In Kashmir, the pattern repeats. The princely state’s Hindu ruler, Maharaja Hari Singh, sought independence before acceding to India in October 1947 in response to a tribal invasion launched from Pakistani soil — an invasion in which British officers such as General Sir Douglas Gracey played a documented, if reluctantly acknowledged, enabling role by delaying and diluting the Pakistani Army’s own chain-of-command accountability. Britain’s rushed withdrawal left Kashmir’s accession legally ambiguous by design, and Pakistan’s subsequent Cold War alignment through SEATO and CENTO ensured that Western capitals looked past its Kashmir aggression in exchange for frontline-state loyalty and Non-NATO ally status against the Soviet Union.

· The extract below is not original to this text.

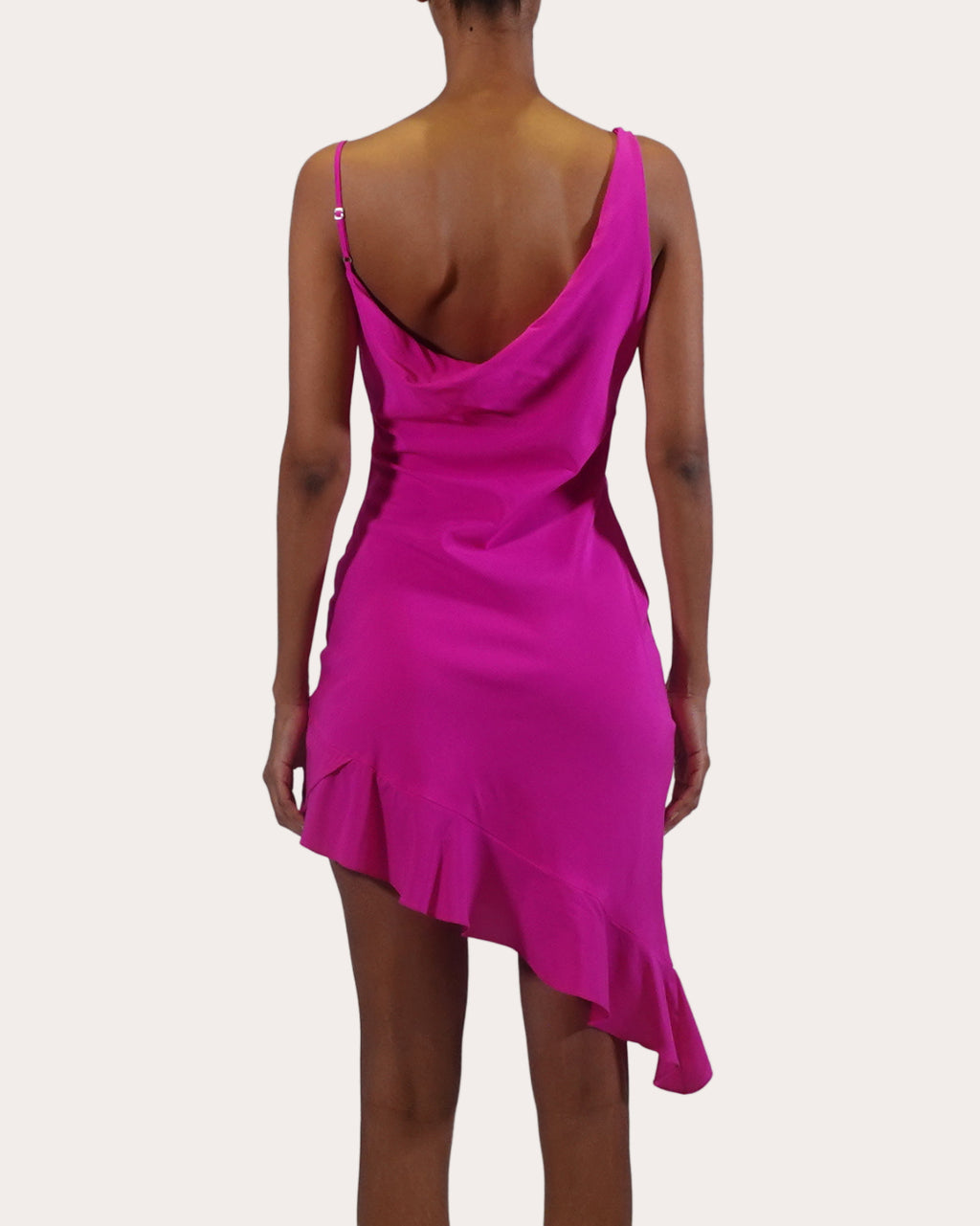 Daphne Silk Asymmetric Draped Mini Dress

This is the encirclement — what I have elsewhere described as Pakistan’s abiding fear of a two-front “concirclement” by India and a hostile Afghanistan — that still drives Rawalpindi’s strategic thinking today.

IV. PoJK in Revolt: The Unravelling of Pakistan’s Kashmir Narrative

If Islamabad’s international narrative on Kashmir (A misinterpreted story, carried for a purpose in UN, Western capitals and OIC) rests on the claim that it speaks for an aggrieved Kashmiri population, the events of 2024–2026 in Pakistan-occupied Jammu and Kashmir (PoJK) — comprising the misnamed “Azad” Jammu and Kashmir (AJK) and Gilgit-Baltistan — have unravelled that narrative in full public view. Protests led by the Jammu Kashmir Joint Awami Action Committee (JAAC), a civil-society coalition of traders, lawyers and students, have recurred in 2023, 2024, 2025 and again with lethal intensity in June 2026.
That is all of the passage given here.